Had as bad a night of sleep as I have had for a while. I came home last night after Spruyt's bachelor party -- a tame affair to be sure - though we did eat a lot and even (dare I say it) beef. Graham and Mary were arguing about clothes, of all things, specifically what kind of clothes he should by when he goes out shopping with Granny sometime this week. It was a very complicated discussion, much of which was about him feeling like the way she talked about the ultra-casual way he dresses implied a huge value judgment she was making about him, but really it was less about her judging him than the great mass of other people out there judging him based on a super complex set of codes that he totally didn't understand.
But as Graham and I kept talking, it seemed that the real underlying issue was that he felt isolated amongst his friend group, that even his closest friends were having get togethers without him, that he was being left out and he didn't understand why.

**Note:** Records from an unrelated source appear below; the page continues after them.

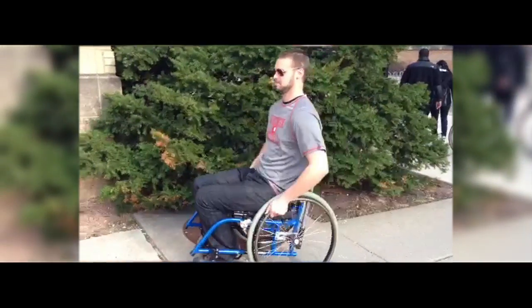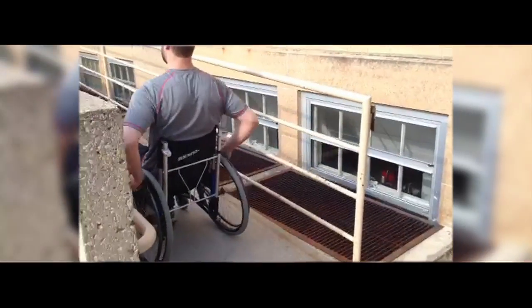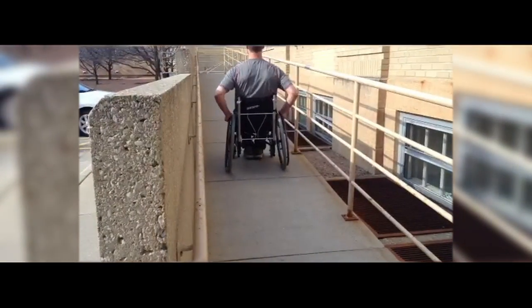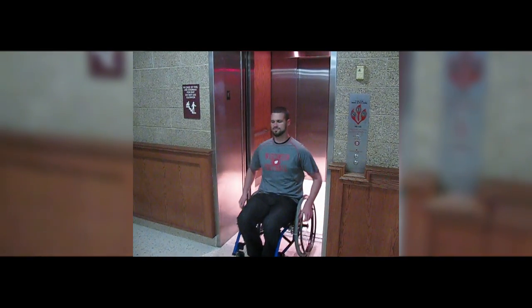Currently there are two solutions for wheelchair users to get up and down a staircase: ramps and powered lifts. Ramps, although they are user-powered, are lengthy and bulky in order to limit the effort needed by the user. This poses a problem when a wheelchair user needs to go up a significant amount of stairs in a confined space. On the other hand, powered lifts take up a lot less space but are very expensive.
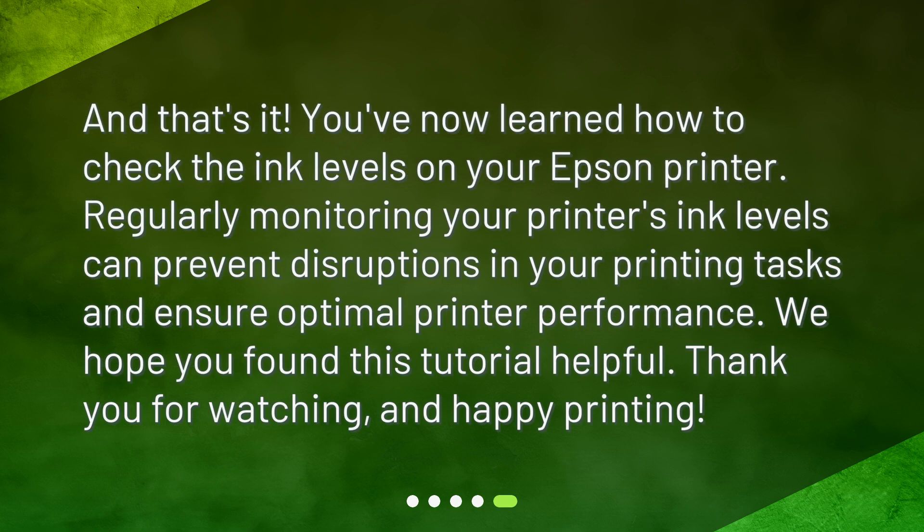And that's it! You've now learned how to check the ink levels on your Epson printer. Regularly monitoring your printer's ink levels can prevent disruptions in your printing tasks and ensure optimal printer performance. We hope you found this tutorial helpful. Thank you for watching, and happy printing!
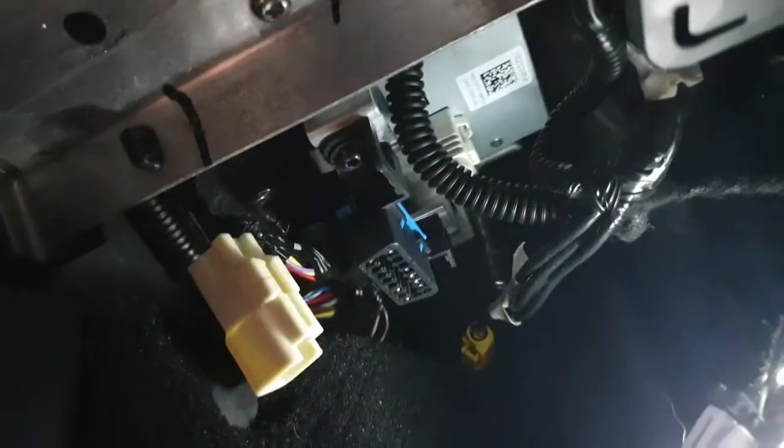If you go to the footwell over here, you'll locate the OBD-II port, which really doesn't do anything on an electric vehicle. I've already pre-loosened this panel — be careful when you pull this down. You'll see this white connector there. This is the brake controller connector. And if your vehicle has a towing package, you will have the corresponding pigtail.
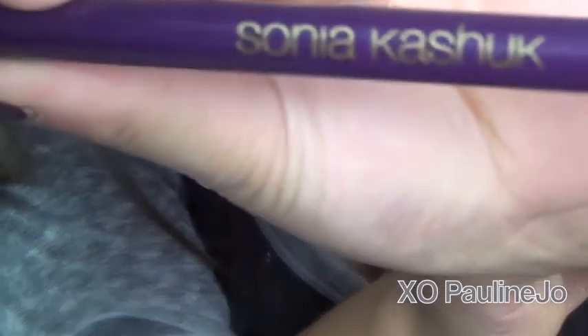Here I'm just going in with a super fluffy brush and fusing the two colors together, making sure there are no harsh lines. I really do love this brush by Sonia Kashuk. This one is from my Sonia Kashuk brush collection review, and then this is me showing you what it looks like so far.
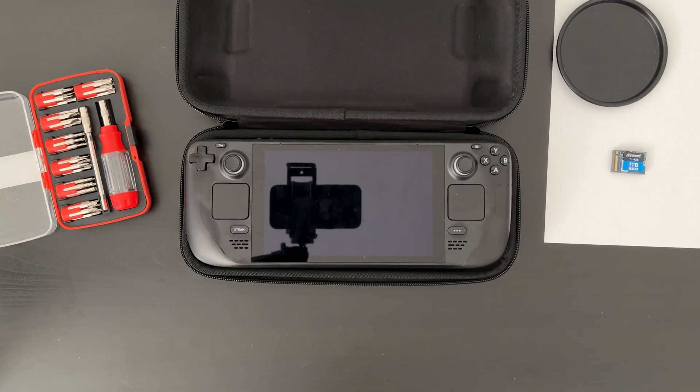What's up everyone? TechMindset here. In this video, we're cracking open the Steam Deck and swapping out the SSD.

This is a rough one. I tried to explain that people were always having get togethers and couldn't invite everyone and that he needed to just keep inviting people himself and blah blah blah, but underneath it all it's just a tough nut to crack. I have been there. On the way back from a walk with a colleague this morning I thought back to the time between college and grad school when I felt like I was left out a lot and I didn't get it (this was during the time of my peak substance abuse and mental health challenges, when I was smoking and frankly probably not bathing often enough). Then there was the time when I was in elementary school and I was preyed on by neighborhood kids in the afternoons, especially this one guy who would casually come to the door and express interest in hitting our stash of maraschino cherries and American cheese and then let the other guys in to hide under couches and tease and torture me (yeah, dear reader, you know who I'm talking about). That was some fucked up shit.
But somehow I got through it all OK, with some bumps. Now Mary and I just need to help Graham.